The 1902-03 issue is quite difficult to find well centered. The values above the 8 cent, with the exception of the 13 cent, all sell for a quantity of money, despite the fact that 260 million of the most common high value, the 10 cent, were sold. Of the thirteen-cent stamp (#308) only 31 million were sold, and of the fifteen-cent, 41 million. Yet the ten cent catalogues mint in the 1981 Scott catalogue as $70, the fifteen cent as $165, and the thirteen cent (of which far fewer were issued) at only $37.50. This underscores quite accurately the danger faced by collectors or investors when they indiscriminately rely on quantities issued to determine rarity. Because the thirteen-cent stamp was not a stamp that was commonly used, philatelic speculators, (they existed then too) bought up large quantities in the belief that after this issue was moribund, the stamp would prove scarce. And it would have if they hadn’t bought them! They tucked away thousands of mint copies; even today this one stamp can be found in quantities. Numbers issued are important, but most significant are the numbers surviving in philatelic hands.

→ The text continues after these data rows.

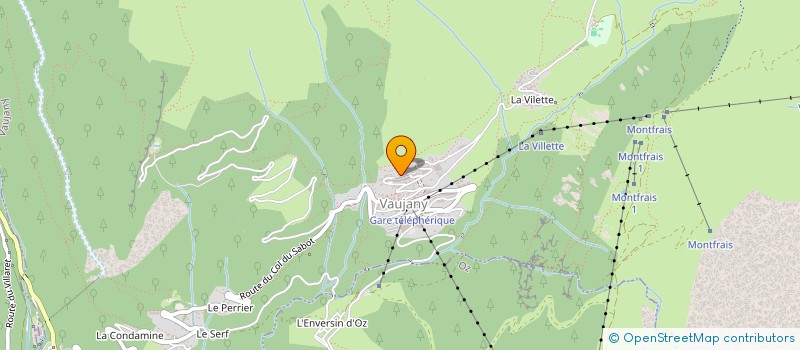 localisation de l'entreprise PADANG  VAUJANY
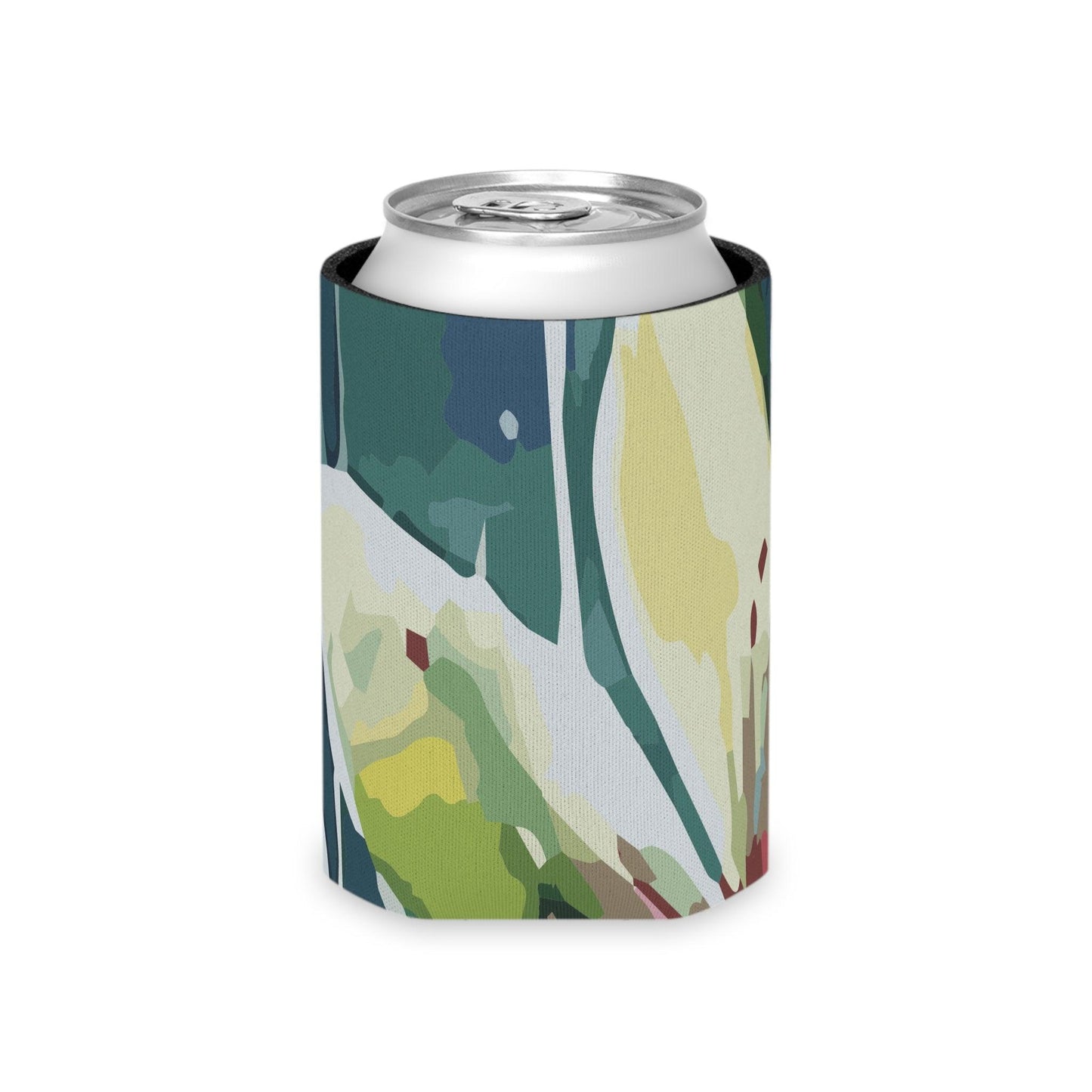 Rain-kissed Lotus Whimsy Collection by Miniaday Designs, LLC. Can Cooler - Miniaday Designs, LLC.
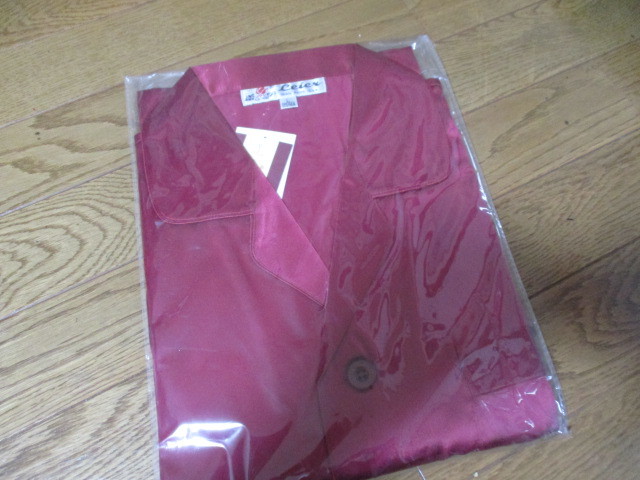 未使用 男性サテンシルク100% つぼみパジャマ 赤 L 身長165cm-170cm相当拍卖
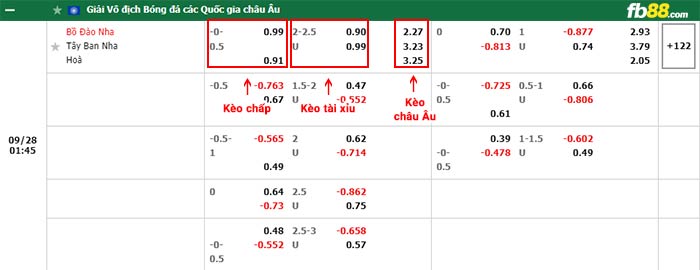 fb88-bảng kèo trận đấu Bo Dao Nha vs Tay Ban Nha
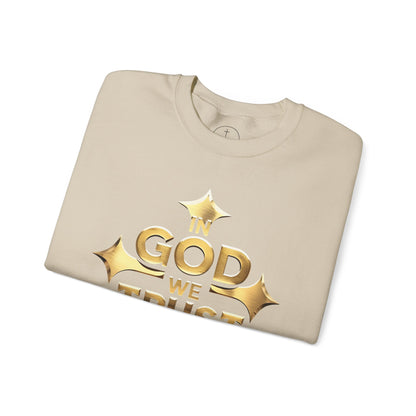 In God We Trust (Gold) - Men’s Christian Sweatshirt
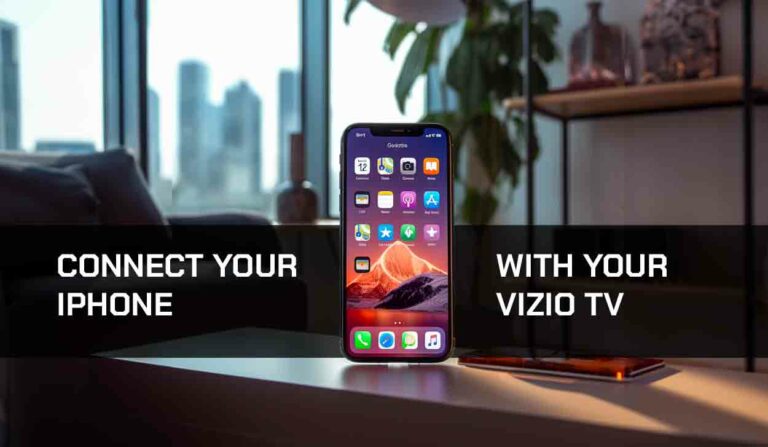 How to Connect iPhone to Vizio TV (Easy Method!)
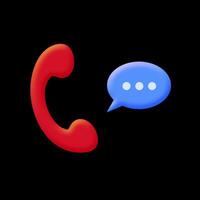 Animated phone with a chat bubble. Loop without background. video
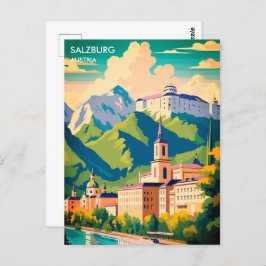 Salzburg Oostenrijk Reizen Briefkaart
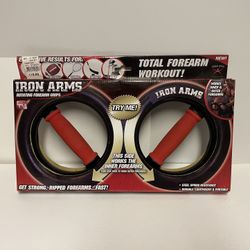 Irons Arms Forearm Workout Rotating Hand Grip & Forearm Strength Exerciser In Box. Brand New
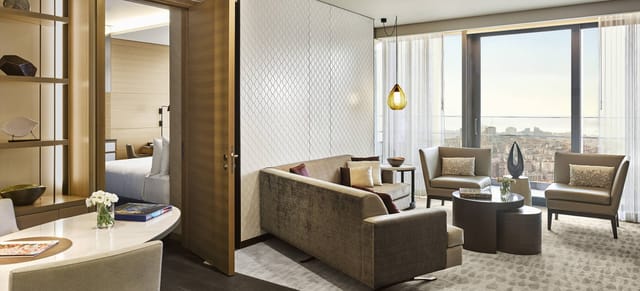 Aila in Fairmont Signature Terrace Suite for VIP hospitality and executive board meetings.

The high values of this set were in use until 1917 and were primarily employed on large, heavy parcels to Russia (that country being in the midst of a civil war, Russian immigrants were sending home blankets and food). Ironically, fewer of the two-dollar stamp (#312) was issued than the five-dollar (#313), but the five-dollar sells for about three times as much because fewer survive. These two values were later issued perforated 10, rather than 12, as in this issue, and as such they sell for far less (#479-480).
Three values of the 1902 set (#314, #314A, and #315) were regularly issued to the public in imperforate form. These were intended for use in private coil machines. These stamp machines- which still exist today in drugstores and bowling alleys- could not use the regular stamps because the perforation gauge, measuring 12, is too fine and the stamps tend to split and jam in the machines. Imperforates and imperforate coils were issued to these vending machine coil companies, and these companies in turn perforated them so that they were compatible with their machines. But the imperforate material was made available to the public, too. The 1-cent and 5-cent values are known imperforate, whereas the 4-cent was issued imperforate, but all known copies were privately perforated by the Schermack Vending Machine Company. When buying imperforate stamps, where there are perforated varieties as well, it is always best to buy pairs to prove the imperforate status.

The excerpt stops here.